Symphony RetailAI has already taken a major step forward in relation to increasing the effectiveness and sustainability of assortment optimization by delivering a collaborative platform for category planning, one that integrates not just data, but connects the relevant people to the right tasks at the right time to drive higher category performance.
Our innovative approach to augment the value we deliver to our customers doesn’t just tell you about the products and customers you already know about but reveals the relevant strategy you should take for a category in order to deliver continued success.
By leveraging AI, we can provide a current, comprehensive, and penetrative understanding of shoppers’ buying patterns. Its outputs can ensure shelves are always stocked with the right assortment mix and ensure that the supply chain is aligned to eliminate expensive out-of-stock or overstock scenarios.
It can perform these tasks in an automated, predictive, and real-time manner and determine when a category review is critically needed and just as important when it is not. This makes the AI-enabled process far less cumbersome and disruptive than traditional, calendar-based reviews.
In making product recommendations, AI-influenced algorithms will analyze the assortments and pricing of competing retailers.
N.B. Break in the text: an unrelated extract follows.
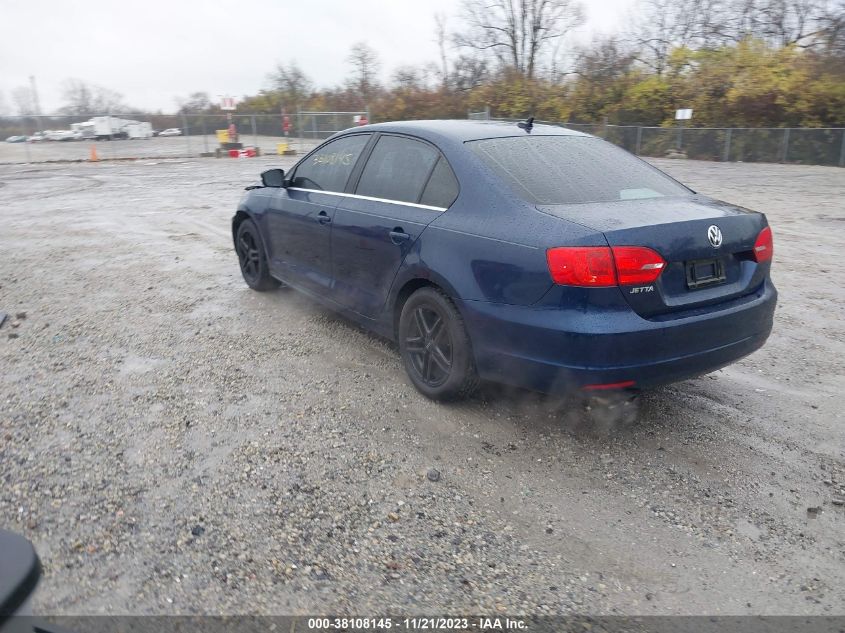 2014 VOLKSWAGEN JETTA SEDAN SE 3VWD17AJ8EM428494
Then, those items are compared against the demographics and shopping history of your customers.
The combination of social media feedback and internal and external data resources that AI can mine and interpret creates a “neural network” that provides a far more accurate assortment forecast than traditional calendar review methods.
Going forward, category managers will be able to gain more control over the management of their categories, confident that they are abreast of future opportunities and deliver assortment propositions that resonate best with their most valuable customers.